The Compensation Committee of the Board of Directors (the “Compensation Committee”) awards PSUs and RSUs annually. RSUs and PSUs are promises to issue actual shares of common stock at the end of a vesting period or performance period. The RSUs granted to employees under the ALTEIP are based on salary grade and performance and generally vest one-third each year over a three-year period. RSUs granted to non-employee directors also vest one-third each year over a three-year period, however, issuance of vested shares is deferred until separation from Board service. RSUs receive dividend equivalents in cash during the restricted period and do not have voting rights during the restricted period. PSUs accrue dividend equivalents during the performance period based on a target payout, and will be paid in cash at the end of the performance period based on the actual number of shares issued.
Under the ALTEIP, the Company’s Chief Executive Officer (“CEO”) is authorized by the Board of Directors to grant common stock, restricted stock and RSUs to employees other than the executive officers of the Company (as defined in Section 16 of the Securities Exchange Act of 1934, as amended (the “Exchange Act”)). The Compensation Committee reviews these grants semi-annually. Restricted stock and RSUs granted under this program may have different vesting periods.
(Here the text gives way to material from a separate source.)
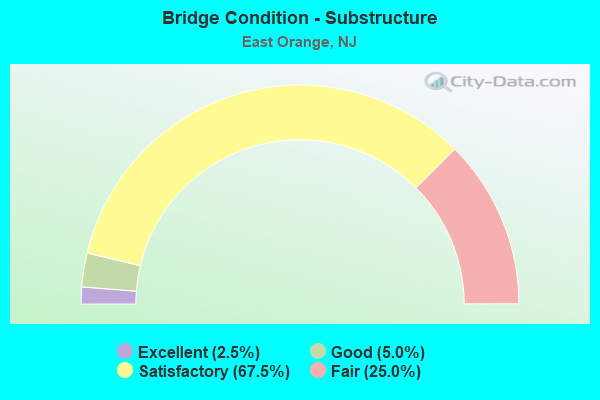 Bridge Condition - Substructure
The fair value of RSUs is estimated using the fair market value of a share of the Company’s common stock at the date of grant. The fair value of PSUs is estimated using the Monte Carlo simulation model. The number of shares a participant will receive upon vesting of a PSU award is contingent upon the Company’s performance with respect to selected metrics, as identified below. The payout levels for 2016 awards can vary between 0% and 200% (maximum) of the target (100%) ALTEIP award amount and the payout levels for 2015 awards and prior can vary between 0% and 150% (maximum) of the target (100%) ALTEIP award amount, based on the Company’s level of performance against the selected metrics.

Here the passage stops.